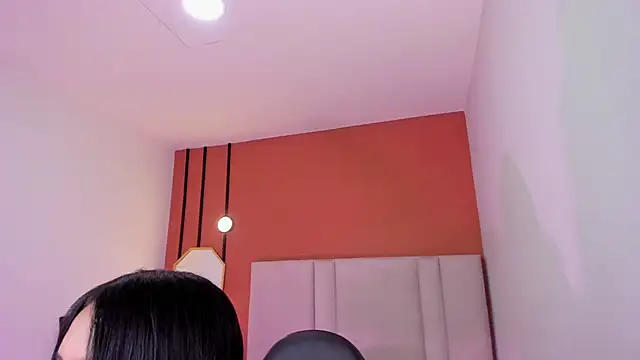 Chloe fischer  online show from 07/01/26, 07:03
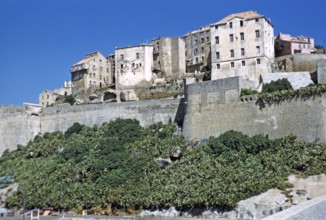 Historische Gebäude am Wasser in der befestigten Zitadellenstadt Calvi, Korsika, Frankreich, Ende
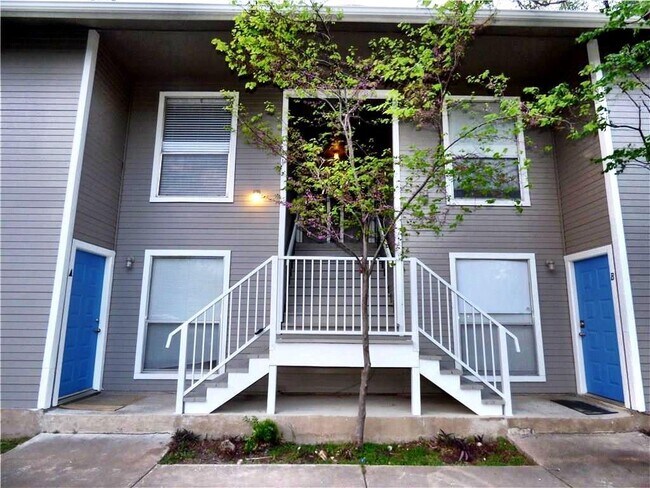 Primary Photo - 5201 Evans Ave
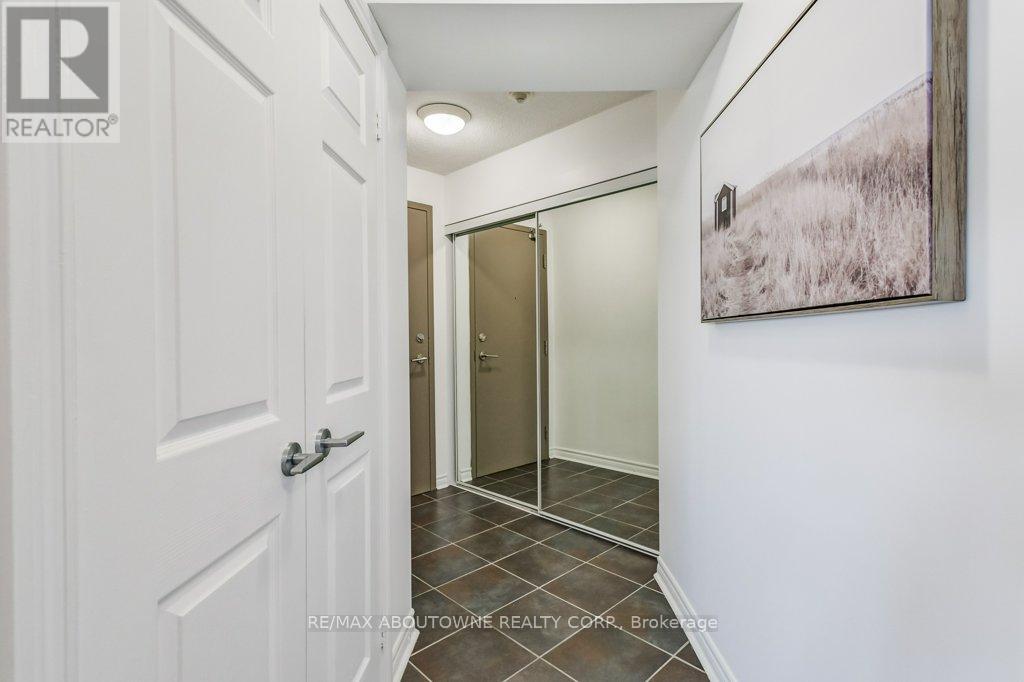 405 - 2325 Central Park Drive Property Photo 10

──────────

> [TASK BRIEF]:
Extract the run of lines from the line holding "Primary Photo - 5201 Evans Ave" through the final line of the material above, exactly and inclusively. Leave the pictures behind.

> [ANSWER BOX]:
 Primary Photo - 5201 Evans Ave
 405 - 2325 Central Park Drive Property Photo 10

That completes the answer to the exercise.